Kurtlar Vadisi Filistin, salt aksiyon üzerine kurulu, hatta şu ana kadar, Türk sinemasında bu ölçekte ve teknik açıdan bu yetenekte bir film çekilmedi. Ancak bitmek bilmeyen sıcak çatışma sahneleri, bir süre sonra hem gerçeklikten kopmanıza neden oluyor, hem de baygınlık vermeye başlıyor. Hatta bilgisayar veya Playstation’da bir savaş oyununu oynuyorsunuz hissine kapılıyorsunuz. Misal “Call of Duty” diye bir oyun var, sürekli adam öldürmek, helikopter düşürmek, tankları durdurmak zorundasınız. Ancak, film ile bu oyun arasında işte böyle bir benzerlik var bile diyemiyoruz. Çünkü yeni nesil savaş oyunlarının senaryosu, emin olun ki; Kurtlar Vadisi Filistin’den çok daha iyi. Diğer yandan çatışmalar dindiğinde yaşanan diyaloglar, inanın saçmalıktan öte değil. Filmin tek dili hamaset… Bir de filmin ortasında, bir zikir sahnesi var, niye çekilmiş belli değil, kesinlikle eğreti duruyor. Filmde bazı İsrailli askerler dışında hemen herkes Türkçe konuşuyor, karakterler oturmamış, karikatürize ve ucuz duruyor. Kurtlar Vadisi Filistin, Mavi Marmara ile açılıyor ve ardından yarım yamalak bir öç öyküsü başlıyor.
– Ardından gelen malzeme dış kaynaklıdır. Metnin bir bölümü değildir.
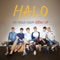 니가 잠든 사이에 - HALO lyrics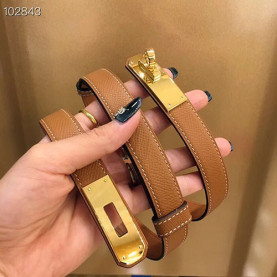 HERMES 에르메스 켈리 벨트 넓이 17MM H0120-3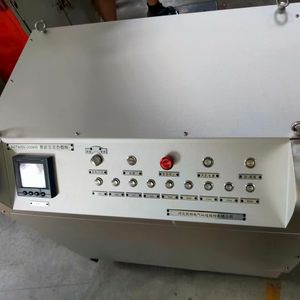 Hot Sale 200kW Lastbank Elektronische Prüfgeräte Kunden spezifische variable resistive Zwangs luftkühlung für Generator tests - Product Image 3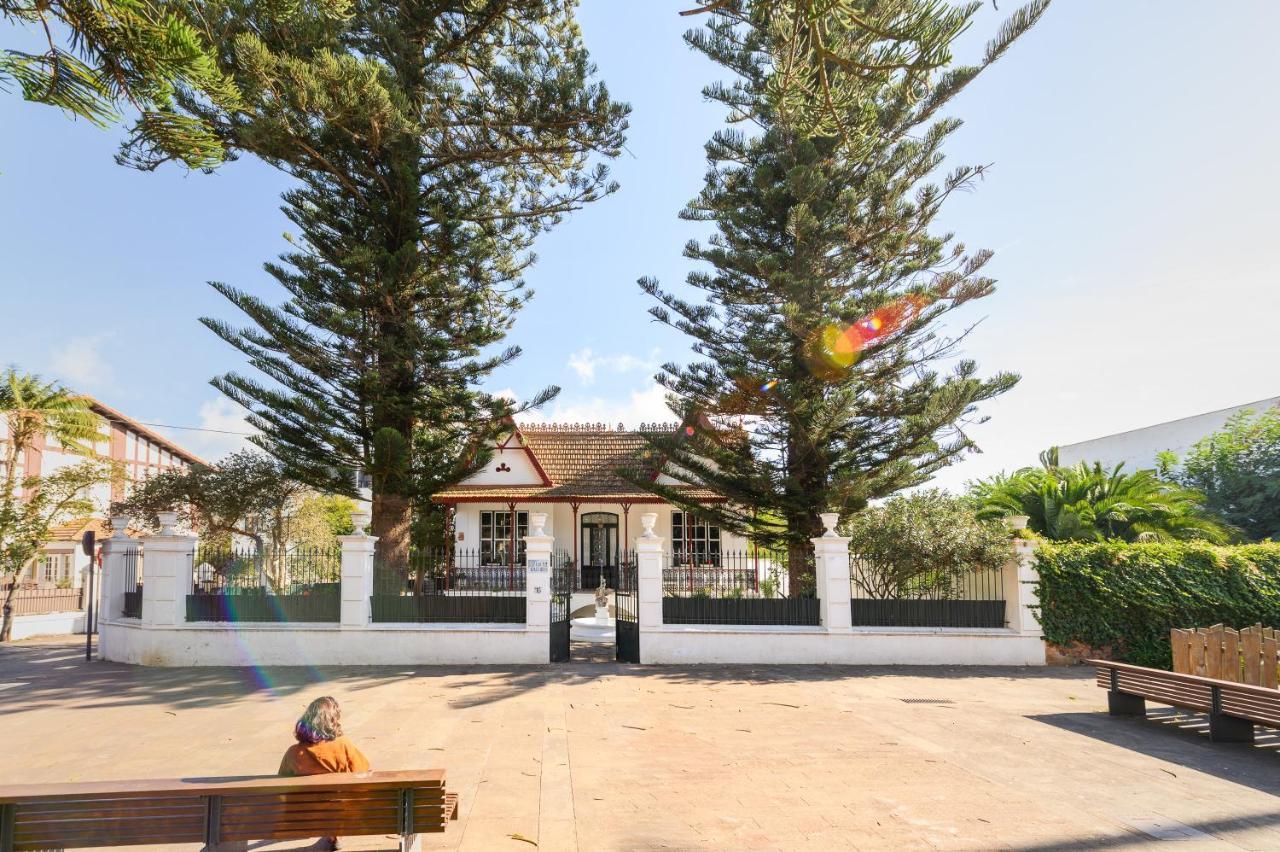 Casa Colonial En El Casco Historico De La Laguna La Laguna  Dış mekan fotoğraf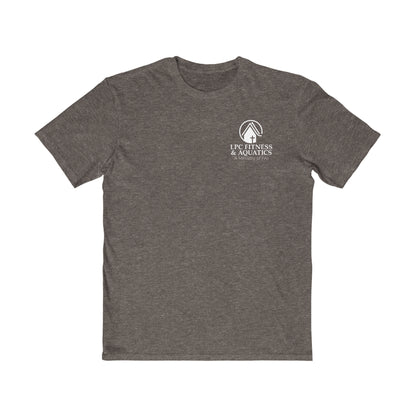 Lelia Patterson Center Move With Purpose Shoe T-Shirt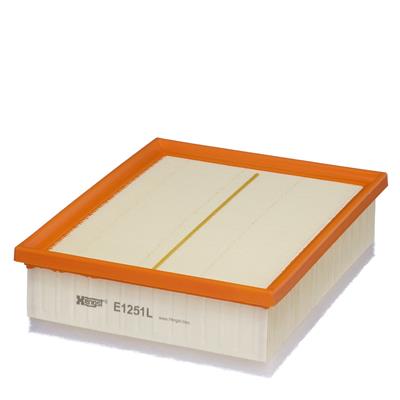 HENGST FILTER E1251L Číslo výrobce: 6541310000. EAN: 4030776037258.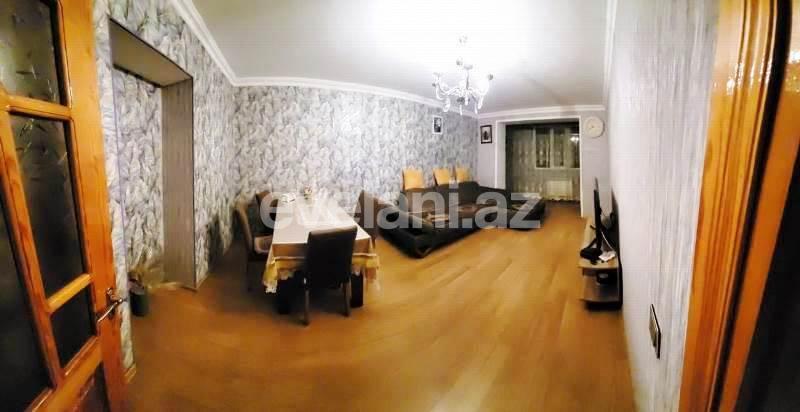 Sale, old building, 3 room, 75 m², Baku, Khatai r, Ahmedli d, Hazi Aslanov m.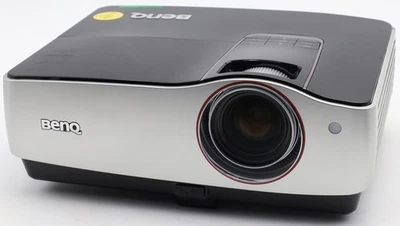 BenQ SH910 DLP Projector Full HD Projector 3000:1 1920x1080 Pixels 4000 ANSI Lumens - Image 1 of 4
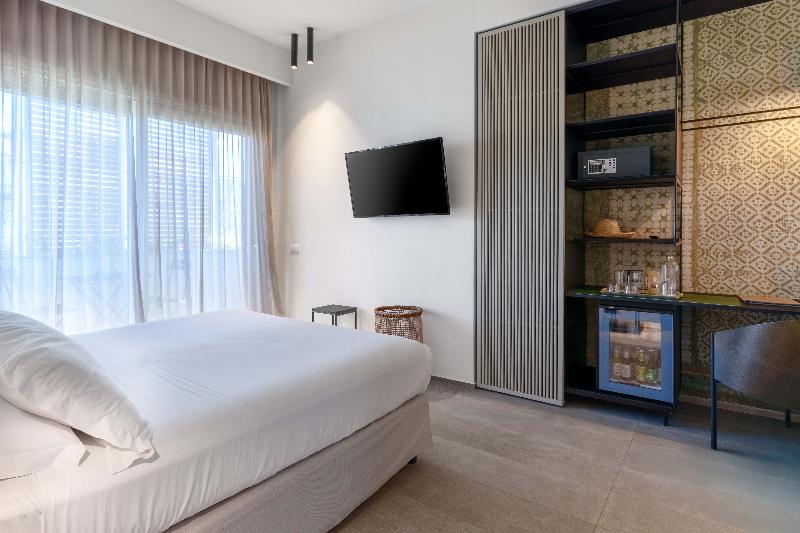 Domìa Boutique Hotel Mondello - Oda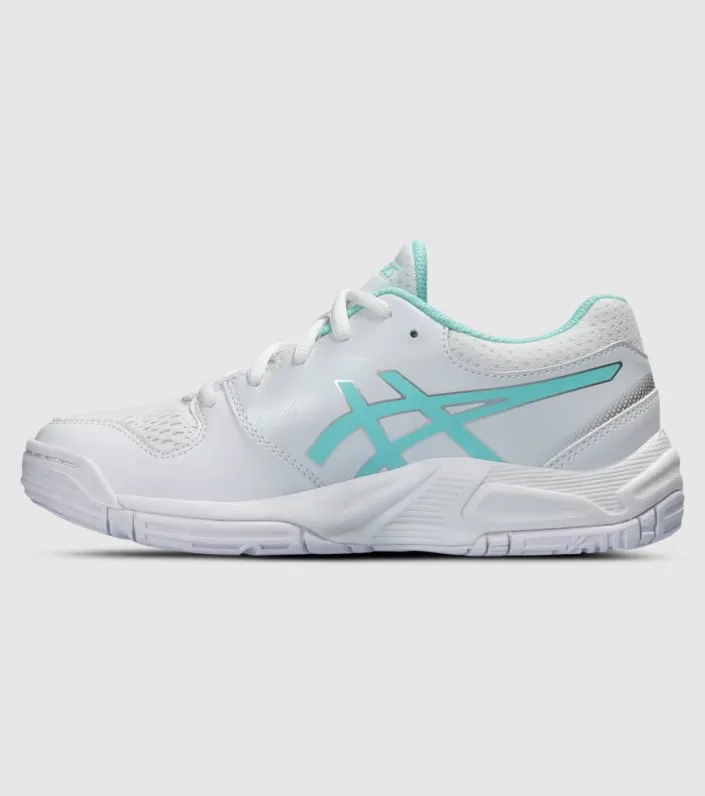 asics gel-netburner 20 (gs) kids netball shoes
Evet, Polat Alemdar, Memati ve Abdülhey’den oluşan Türk vurucu timi, Mavi Marmara’nın sorumlusu olarak gördükleri saçını atkuyruğu yapan asri zamanlar kovboyu Behzat Ç.’nin peşine düşüyorlar. Affedersiniz, ekip, İsrailli komutan Moşe Ben Eliezer’in öldürmek istiyor. “Hayat Var” ve “Bal”da harikalar yaratan Erdal Beşikçioğlu, zaten filmi izlenir kılan yegâne şey. Şimdilerde adeta fenomene dönüşen “Muhteşem Yüzyıl”da, Kanuni’nin ilk gözdesini canlandıran Nur Aysan ise filmde, bizim muhteşem üçlüye katılmak zorunda kalan Amerikalı Yahudi tur rehberi rolünü üstleniyor. Film boyunca, iyi olan tek Yahudi’de o, çünkü Polat Alemdar, tüm İsrailli şahinlere, vaat edilmiş topraklar yerine, toprak altını öneriyor. Neyse… Sevgiden muaf, ürkek ve hapla sorunlarını aşmaya çalışan bu Yahudi kadın, altın kalpli Müslüman Filistinlilerden çok etkileniyor, hatta onların kıyafetini giyiyor. Neredeyse din de değiştirecek ama film bitiyor. Kanı kan ile yıkama heveslisi, şiddet yanlısı, barışı değil savaşı savunan bu filmi, önermemiz mümkün değil.

7 Ocak 2011 Cuma

Hür Adam: Dinmeyen bir öfkeye dair




ALPER TURGUT

“Hür Adam: Bediüzzaman Said Nursi”ye dair ne söylenebilir; bir özyaşamöyküsünden ziyade, tarikat odaklı, dini motifli, Cumhuriyet ve laiklik karşıtı bir siyasi propaganda için çekildiği zaten malum iken. Belki, Cumhuriyet tarihi boyunca hiçbir filmin yapamadığı oranda ve günümüz koşullarının da yardımıyla hatlarını gayet belirgin çizdiğini, hedefini direkt belirlediğini vurgulayabiliriz. Elbette, sistem eleştirilebilir, yanlış sorgulanabilir, bir dönem masaya yatırılabilir. Ancak bunca hınç ve öfke niye? Sonuçta; doğruluğu tam olarak kanıtlanmamış bilgilerle bir kurmaca film çekiyorsunuz, hayali de değil, somut olarak algılansın istiyorsunuz. Peki, bu, “mevcut” düşmanlığı körüklemekten öte ne işe yarıyor?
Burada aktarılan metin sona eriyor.